‘Cause this belly’s just too delicious for ya babe.
This is one cut of meat that really can’t do any wrong. Firstly, it’s incredibly economical. Why? Because it’s kind of fatty. But that’s okay since it’s the fat that keeps the meat so meltingly tender when cooked low and slow, and that is what we want! Besides you’re not under any obligation to eat the fat if you don’t want to. No contract to sign here. Let it do it’s thing in the oven, then send it packing and what you will be left with is a mountain of tender, juicy meat. Another perk of belly pork is that it also comes fully equipped with an earth shatteringly crunchy layer of crackling if cooked correctly, but that’s pretty easy to accomplish and I’ll show you how.
Slow Roasted Pork Belly with Fennel & Coriander Seed Crackling
(Serves 4-6, depending on the size of your piece of pork)
3 teaspoons (1 Tablespoon) coriander seeds
2 teaspoons fennel seeds
1 nice thick piece of pork belly, skin scored
Sea salt & freshly ground black pepper
Preheat your oven to 220°C/Gas Mark 7.
Put the coriander and fennel seeds into a mortar and grind together with the pestle until crushed. It doesn’t have to be ground to a very fine powder though, just pound it enough to release the nice aromas from the spices.
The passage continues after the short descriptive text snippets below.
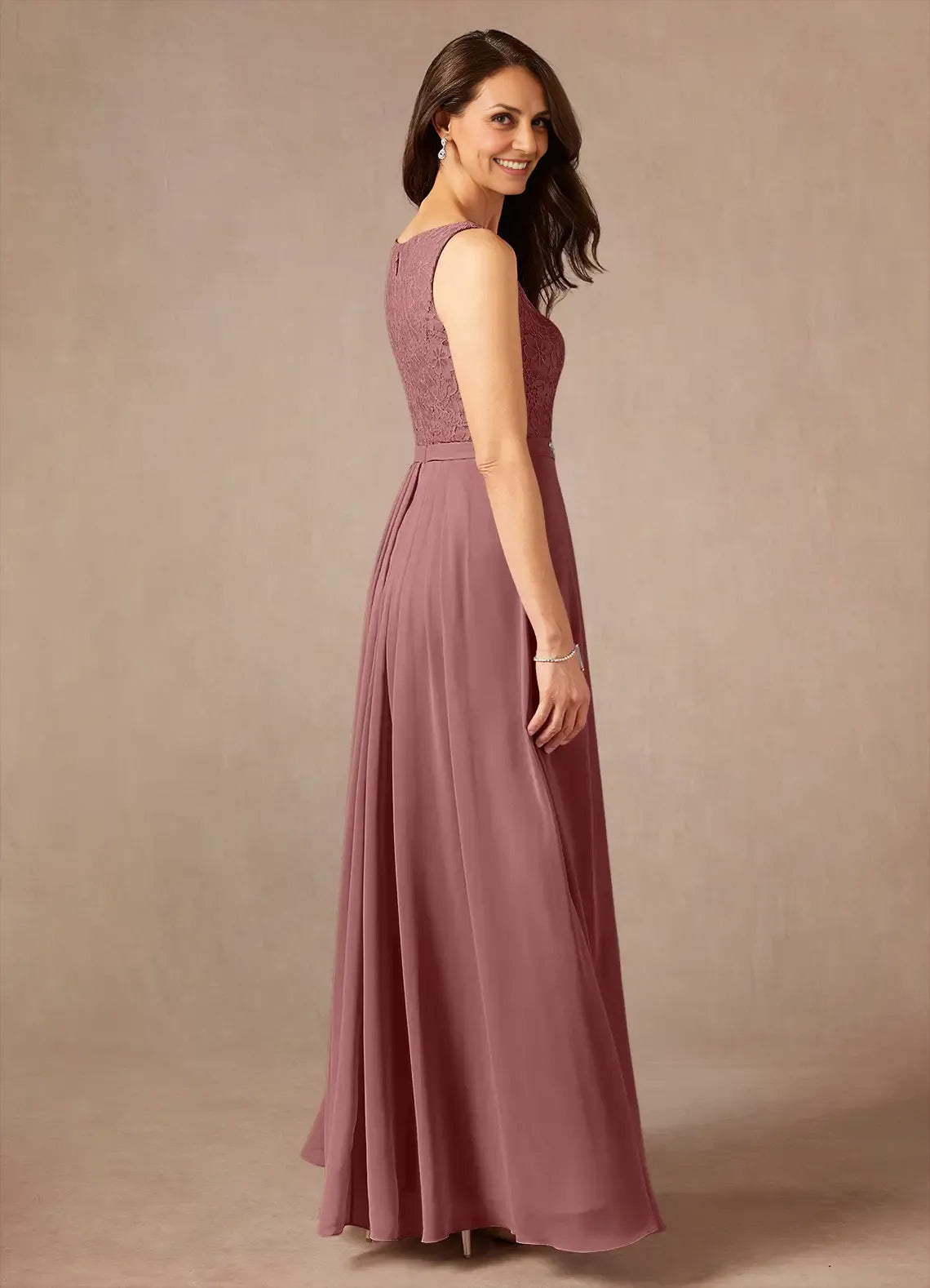 Rose A-Line Square Neckline Floor-Length Dress Three-Quarter Sleeve Solid Color Vintage Mother of the Bride Dress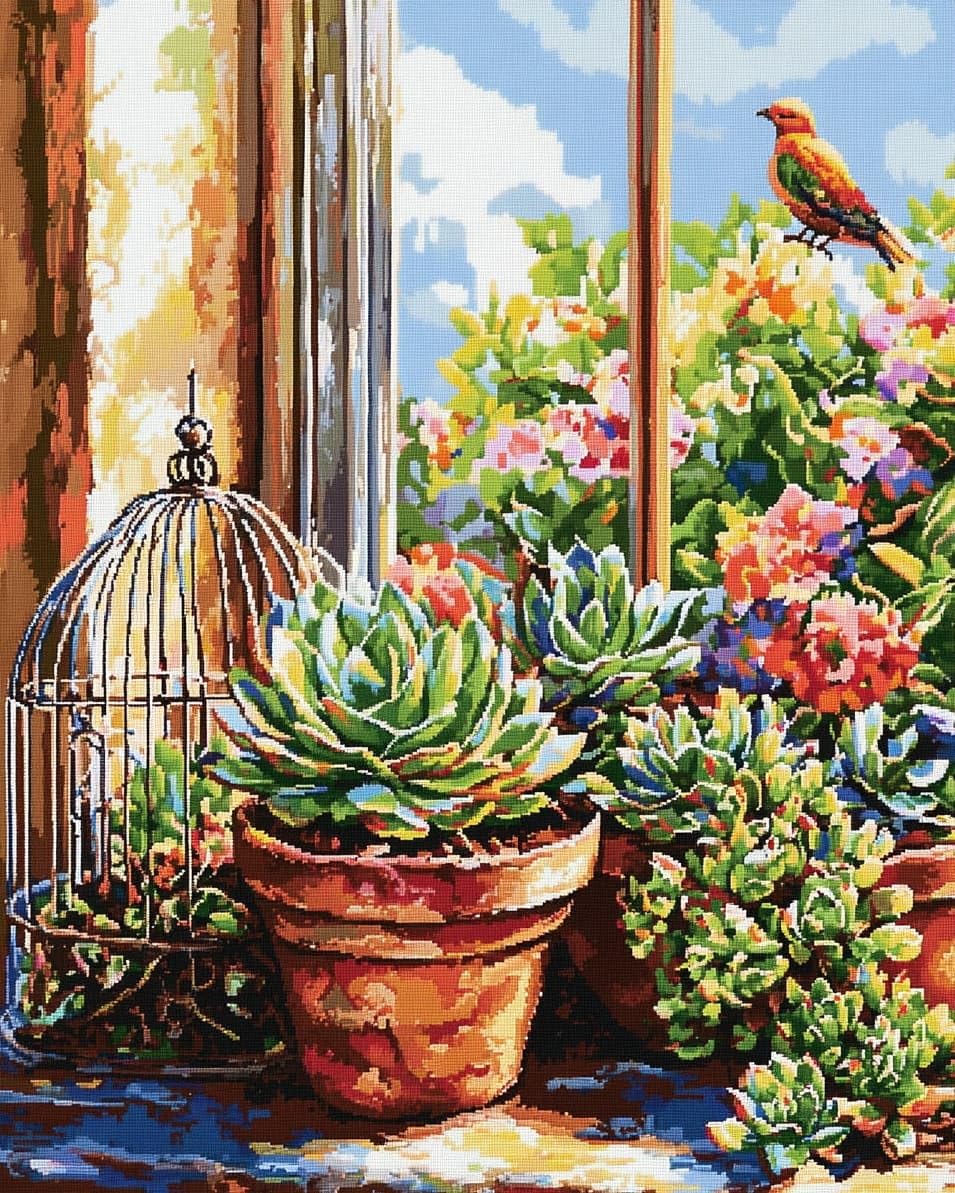 WallustrioaW 11CT Cross Stitch Kit,Succulents and birdcages,Cross Stitch Kit for Adult Beginners,Full Line DIY Cross Stitch Stitching for Home Decor,16x20in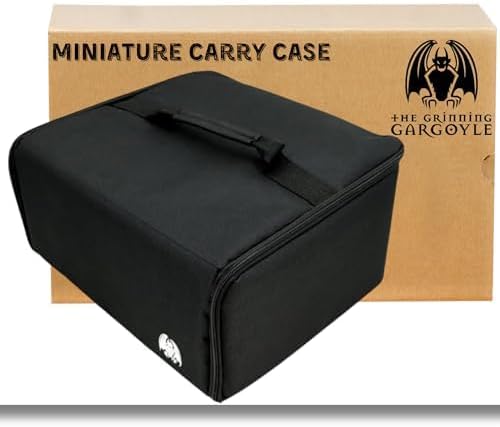 Miniature Storage Case - Foam Slot Case for Miniatures - Miniature Carrying Case with Handle - Miniatures Carrying Case - Grinning Gargoyle (30mm Bases)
If you haven’t already had the meat scored by your butcher you can do it easily yourself so long as you have a very sharp knife. Stanley knives work well here, but just be careful not to cut through the meat itself. The aim is to make long cuts only through the skin as this helps with the crackling, makes it easier to break into pieces at the end and means the spices can cling more readily to the surface which simply adds to the flavour! Rub the skin with salt, pepper and a little more than half of the cracked seeds, getting the seasoning right into all the cracks.
Scatter the remaining seeds into a roasting tin and put the meat on top. Put into the preheated oven and roast for 30 minutes, then turn the temperature down to 180C/Gas Mark 4 and cook for about 1 1/2 hours, until the juices run clear when the meat is pierced with a skewer and the skin has crackled to a beautiful golden brown. The reason for initially cooking it at such a high temperature is to give the crackling a good kick start, but if you don’t think it has crisped up enough at the end of the total cooking time, then just bang up the heat again and put the pork back in, checking it every few minutes until it has crisped up properly.
Leave to rest, uncovered, for about 20 minutes or so.
Remove the crackling from the pork before carving, then cut the joint into thick slices and break the crackling up into portions.
I served the belly pork with some plain brown jasmine rice and a nice fresh shredded salad of beetroot, red cabbage, red onion, toasted cashew nuts and coriander and dressed it with a mixture of rice vinegar, a little soya sauce, mirin, finely chopped red chilli, sesame oil, sugar and a small pinch of salt. This shredded salad (or ‘slaw’, if you will) provided a lovely crunchy, zingy contrast to the rich pork which was most welcomed.
Belly pork is also wonderfully versatile, so can be served in lots of different ways. With rice, as I have done here, but even more classically, with mashed potatoes, apple sauce and steamed greens or cabbage.
The deciding factor though, is that even Destiny’s Child agree with me about how good this is. Let me refresh your memory.. “Spotted me a tender thang“, “Lookin’ hot, Smellin’ good“?! They’re talking about PORK! And all that talk about ‘jelly‘? Well, that’s just fat. Obvs.
Either way, it is just too good to not give it a whirl. Go on, do it for Beyoncé.
They were right you know, I don’t think I can handle how tasty this is. My mouth is watering just thinking about it!